Premiere Networks announced on February 1, 2017, that Buck Sexton would become the new host. He began hosting the show on February 6. The show completely abandoned its general audience focus to become a more traditional conservative talk show during his run. In early 2018, the America Now title was removed, and the program was rebranded as The Buck Sexton Show, a title previously used on his radio program with a video simulcast for TheBlaze from 2014 until 2017. Sexton's video simulcast moved to The First TV in October 2019.

On May 27, 2021, Premiere Networks announced that Clay Travis would be teamed with Sexton, and that the two would take over the noon–3 p.m. ET timeslot on June 21, 2021, as The Clay Travis and Buck Sexton Show. The new program serves as the official replacement for The Rush Limbaugh Show, following a transitional period after Rush Limbaugh died on February 17.

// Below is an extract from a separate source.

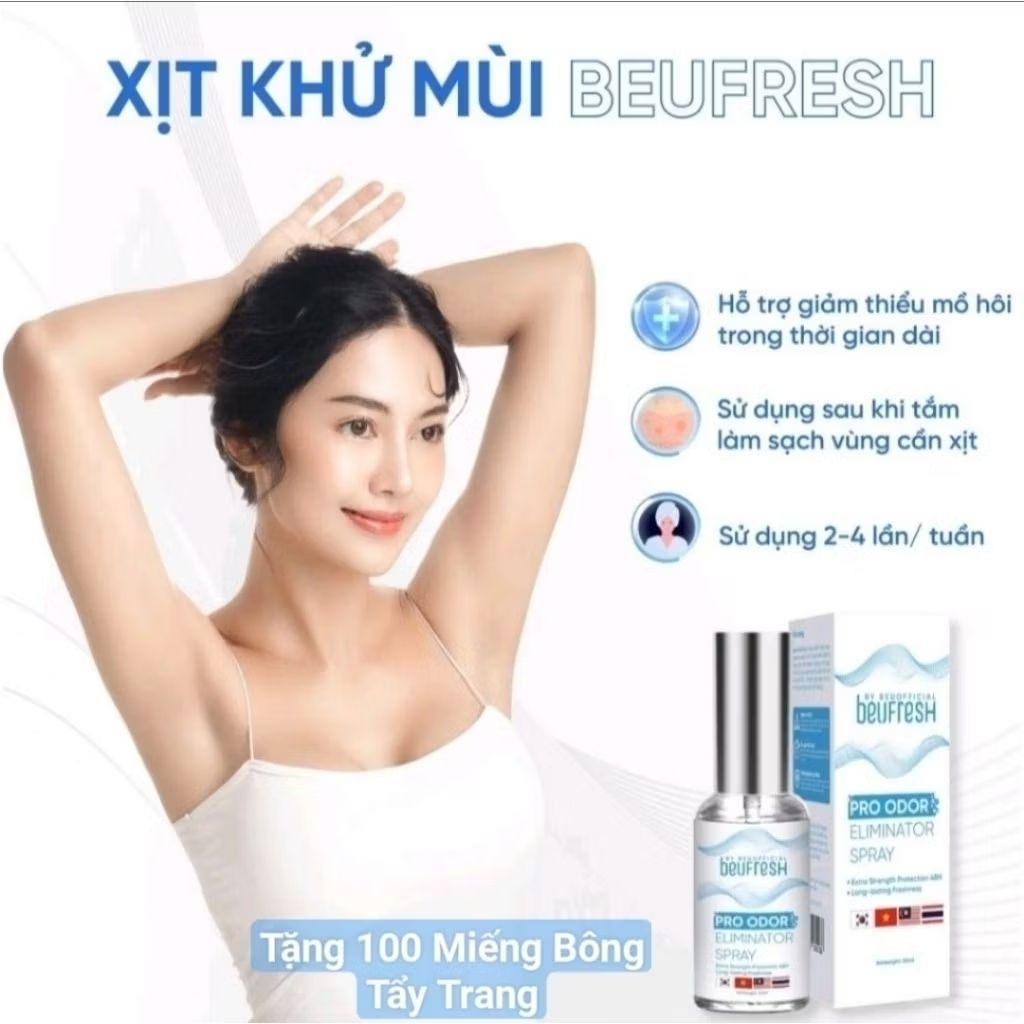 BEUFRESH Xịt Khử Mùi Ngăn Mồ Hôi Toàn Thân 30ml Dạng Lỏng Unisex Công Nghệ Nano Tự Nhiên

On June 28, 2021, Jesse Kelly took over the timeslot under the title The Jesse Kelly Show. Since 2020, Kelly has been based at KPRC in Houston, a station owned by Premiere Networks parent company iHeartMedia, Inc. He had been in limited syndication through Key Networks.

In a December 2021 interview with Tucker Carlson, he criticized President Biden's Vice Chairman of the Joint Chiefs of Staff Christopher W. Grady further stating, "We don't need a military that's woman-friendly, that's gay-friendly; we need men who want to sit on a throne of Chinese skulls."

Senator James Lankford (R-OK), who negotiated a bipartisan border bill on behalf of the Republican caucus over four months from November 2023 to February 2024, said on the floor of the Senate in February that a right-wing media personality had told him, before any contents of the bill had been released to the public, "If you try to move a bill that solves the border crisis during this presidential year, I will do whatever I can to destroy you, because I do not want you to solve this during the presidential election." Lankford added, “[They] have been faithful to their promise and have done everything they can to destroy me in the past several weeks.” Jesse Kelly then asserted on X that he was the person who had threatened Lankford, and called Lankford a eunuch.

In April 2024, Premiere renewed The Jesse Kelly Show into 2027.